Consegue l'inammissibilità del ricorso.

4. La declaratoria di inammissibilità impedisce ogni eventuale pronuncia circa l'intervenuta prescrizione dei reati, maturata dopo l'emanazione della sentenza impugnata.

Va sul punto segnalato il costante orientamento di questa Corte secondo il quale l'inammissibilità del ricorso per cassazione preclude ogni possibilità di far valere e/o di rilevare di ufficio, ai sensi dell'art. 129 c.p.p., l'estinzione del reato per prescrizione (Sez. U, 22/03/2005, n. 23428, Bracale, Rv. 231164; nonchè Sez. U, 22/11/2000, n. 32, De Luca, Rv. 217266)).

Tanto sul rilievo che l'intervenuta formazione del giudicato sostanziale derivante dalla proposizione di un atto di impugnazione invalido perchè contrassegnato da uno dei vizi indicati dalla legge (art. 591, comma, 1, con eccezione della rinuncia ad un valido atto di impugnazione; art. 606, comma 3), preclude ogni possibilità sia di far valere una causa di non punibilità precedentemente maturata, sia di rilevarla di ufficio.

Ed infatti l'intrinseca incapacità dell'atto invalido di accedere davanti al giudice dell'impugnazione viene a tradursi in una vera e propria absolutio ab instantia, derivante da precise sequenze procedimentali, che siano in grado di assegnare alle cause estintive già maturate una loro effettività sul piano giuridico, divenendo altrimenti fatti storicamente verificatisi ma giuridicamente indifferenti per essersi già formato il giudicato sostanziale (cosi, in termini, Sez. U., Bracale cit.).

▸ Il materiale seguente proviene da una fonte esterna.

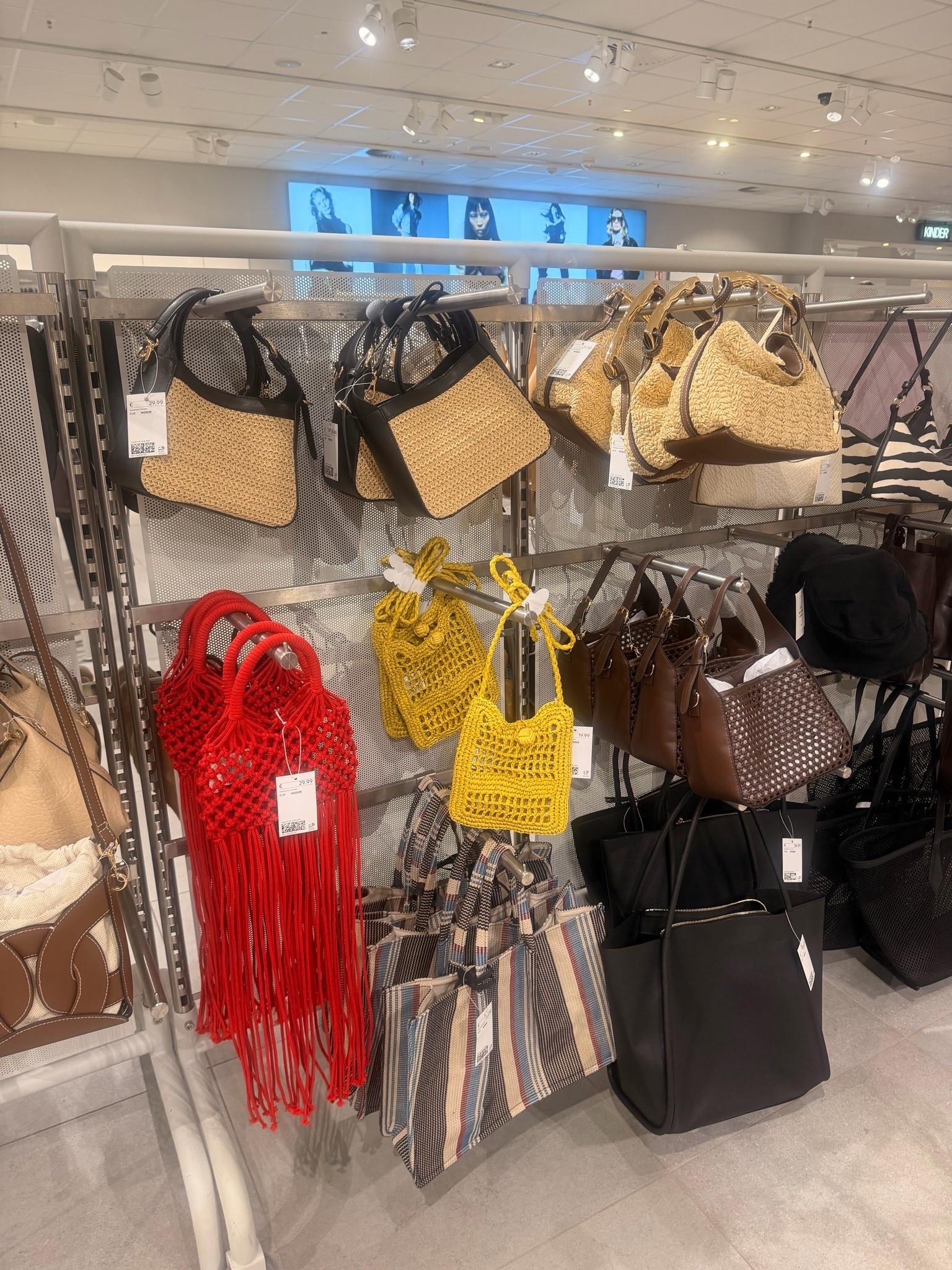 H&M bags up to 70% off rn! 

#hmsale #hmbags #summersale #vacationbags #strawbags #bagsunder30 #beachbags #affordablefinds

5. Sulla base delle considerazioni che precedono, la Corte ritiene pertanto che il ricorso debba essere dichiarato inammissibile, con conseguente onere per il ricorrente, ai sensi dell'art. 616 c.p.p., di sostenere le spese del procedimento.

Tenuto, poi, conto della sentenza della Corte costituzionale in data del 13 giugno 2000, n. 186, e considerato che non vi è ragione di ritenere che il ricorso sia stato presentato senza "versare in colpa nella determinazione della causa di inammissibilità", si dispone che il ricorrente versi la somma, determinata in via equitativa, di Euro 1.000,00 in favore della Cassa delle Ammende.

P.Q.M.

Dichiara inammissibile il ricorso e condanna il ricorrente al pagamento delle spese processuali e della somma di Euro 1.000,00 in favore della Cassa delle Ammende.

Così deciso in Roma, il 3 luglio 2014.